Norwich University, a military institute in Vermont, recently announced an income sharing agreement as an alternative to student loans.
With student loan debt at an all-time high of $1.5 trillion, some schools are taking a different approach to their tuition rates. Instead of requiring an upfront tuition payment, they take a percentage of their students’ future salary.
Norwich University, a private military college in Vermont, is the latest school to adopt this practice. Lauren Wobby, the CFO at Norwich University, said in a statement that the school wants to help students overcome financial barriers to completing college.
This contract, referred to as an income share agreement (ISA), is being offered at the school on a limited basis. It will be available to students who have limited access to loans or are taking longer than four years to earn their degree.
Traditionally, students pay for their tuition at the beginning of the semester or quarter. Students who choose an ISA agree to pay the school a percentage of their future income for a period of time after they graduate. Proponents say this gives schools a greater incentive to prepare students to succeed in the job market.
Many students see this as a low-risk alternative to taking out student loans to pay for college. If they earn below a certain threshold they don’t have to pay anything back.
But some experts warn that providers may prefer recipients that pursuing degrees in higher-paying fields. Clare McCann, deputy director for education policy at the New America Foundation, told an ABC News affiliate that this is the biggest difference between an ISA and federal student loans.
"Federals loans offer the same terms to all borrowers," she said.
ISAs might be a new concept to many people, but the idea was first proposed by American economist Milton Friedman in 1955. It is a concept that has been offered by some technical programs for which students usually don’t have access to federal loans.
In 2016, Purdue University launched its Back a Boiler program, an ISA available to sophomore, junior, and senior students. The program is administered by Vemo Education, a private company that works with colleges to implement income-based financing programs.

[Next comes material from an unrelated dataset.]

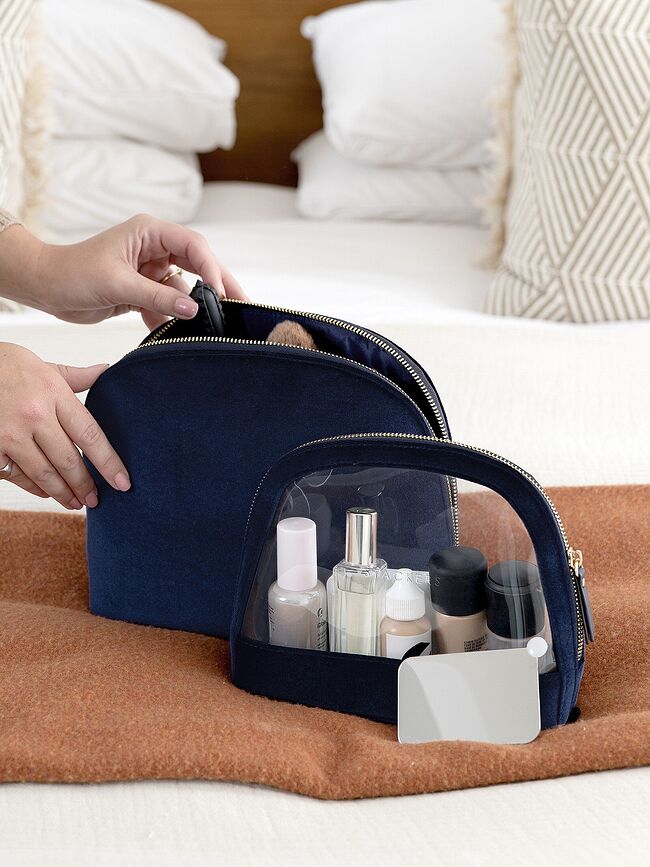 Stackers Nested Velvet Trousses de Rangement, en velours, bleu marine, Lot de 2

The terms vary based on the individual’s major, but the average person is expected to pay more than the original amount of the ISA as their salary rises. However, some students feel that the trade-off is worth it if they are unable to cover the cost of tuition with federal loans and grants. And an ISA can help students avoid turning to private student loans, which have higher interest rates.
But similar to student loans, there are consequences for failing to pay back the ISA. The Back a Boiler program charges late fees on missed payments and has strong default penalties. Students that are considering participating in an ISA should make sure that they read all of the fine print first.